What happened next? Patriots quarterback Tom Brady came up to the 1 yard line and started his snap count. And then another unthinkable thing happened: Seahawks player Michael Bennett jumped offsides. That was THE ONE THING the Seahawks could not do on that play. THE ONE THING. But the Seahawks did it. The offsides penalty gave the Patriots 5 yards, and the ball was placed at the 6-yard line. Then, on the next play, the Seahawks were penalized 15 yards for unsportsmanlike conduct when Seahawks linebacker Bruce Irvin punched a Patriots player after the play—clearly he was frustrated by the dramatic turn of events of the last few seconds—and the game was over. The Patriots won.
Michael Bennett was not a disciplined player. One can ask the fair question: why was a player (Bennett) who had been called for more offsides penalties in the whole National Football League during the season even on the field for that play? Bennett’s lack of discipline cost the Seahawks a chance to win the game. Sure, it was a long shot. But they had a chance. Until Bennett jumped offsides.
There, in the course of just a few seconds, we saw a remarkable display of focus and discipline from Jermaine Keare. His catch epitomized focus and discipline. Then we saw another remarkable display of focus and discipline by Malcolm Butler when he intercepted Russell Wilson. But then, we saw a terrible lack of discipline by Michael Bennett (offsides) and another lapse of focus and discipline by Bruce Irvin (unsportsmanlike conduct).
The lesson in all of this? It’s not over until it’s over. Staying disciplined in our tasks, whether playing football or performing a concert with a trombone in your hand, will give us the best possibility to have a great result.
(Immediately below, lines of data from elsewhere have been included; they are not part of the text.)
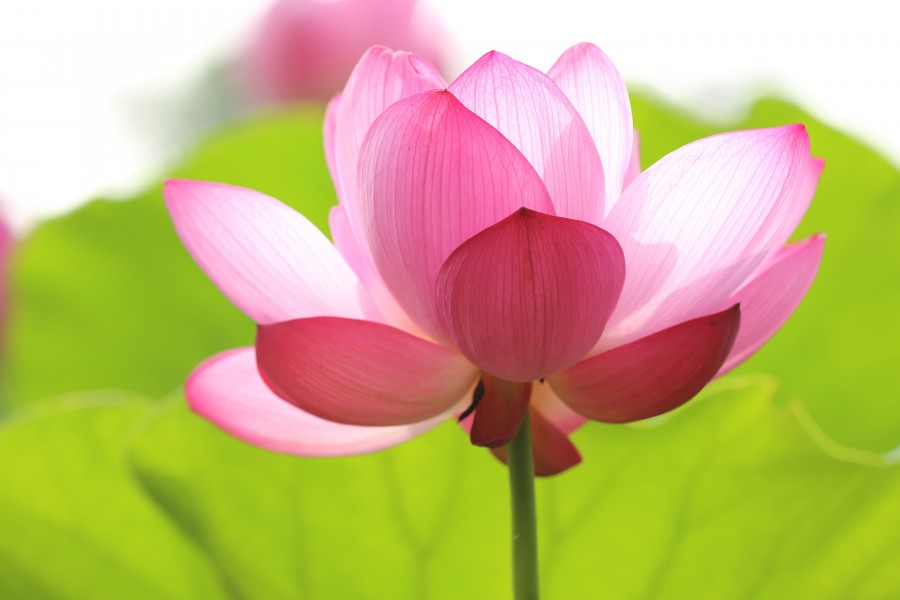 flor, flores, petalo, petalos, primer plano, rosado, rosa, naturaleza, fondo, background, 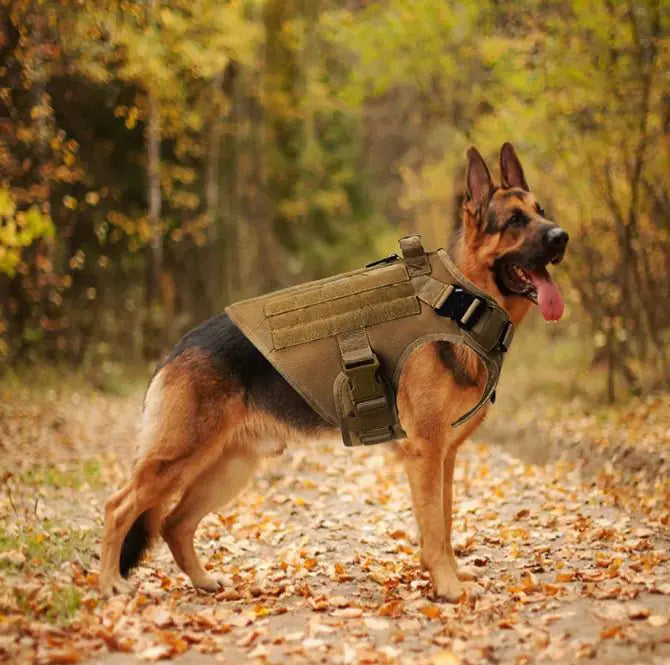 Tactical Dog Harness Vest For Large Dogs Adjustable Vest for Walking, Training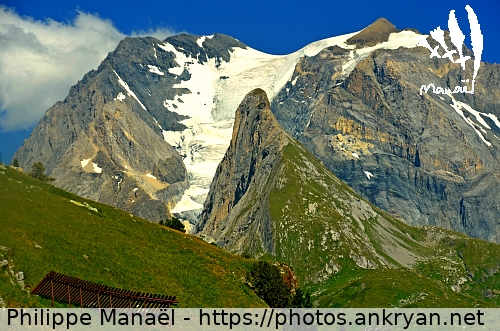 Grande Casse et Aiguille de la Vanoise (Pralognan-la-Vanoise / Ville / France / Savoie - FR-73) © Philippe Manaël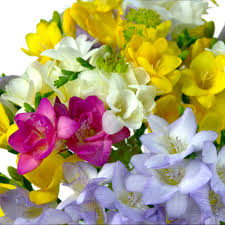 In fact, the vibrantly colored blossoms are so symbolic of spring that they're one of the most popular flowers for seasonal wedding arrangements! 8 Fascinating Freesia Facts Blog Free Flower Delivery Across The Uk From Clare Florist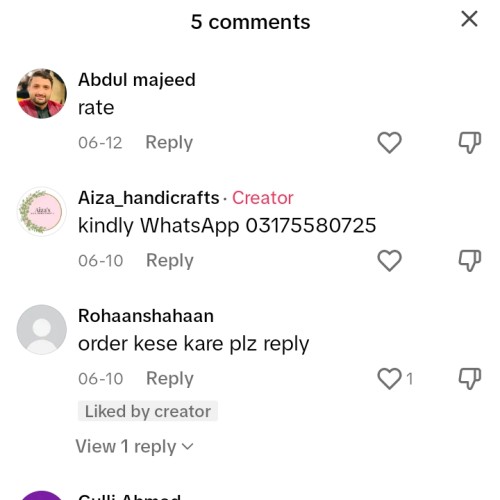 Saqib  Z.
Even when you think that things are going badly, you still may have a chance at redemption. When you’re taking an audition for a symphony orchestra, never assume your audition is over because you miss a note. Because unbeknownst to you, maybe everyone else at the same audition missed the same note. Stay focused, stay disciplined. Most people who reflect on Super Bowl XLIX remember the decision by Seahawks coach Pete Carroll to have Russell Wilson throw a pass from the 1-yard line rather than hand the ball off to Marshawn Lynch as the defining moment of the game. And, in many respects, it was. But there was more to the story, and the Seahawks missed a chance—a chance—to win the game when Michael Bennett jumped offsides. His lack of discipline was the real story about the Seahawks loss.
Stay disciplined. Keep working until the task is done. Completely done. It’s not over until it’s over. If you want to be there when the confetti falls for you after you win, you have to be disciplined and focused until the very end. That’s a lesson for all of life.
My wife, Patricia, and me as the confetti fell to celebrate the New England Patriots’ victory at the end of Super Bowl XLIX.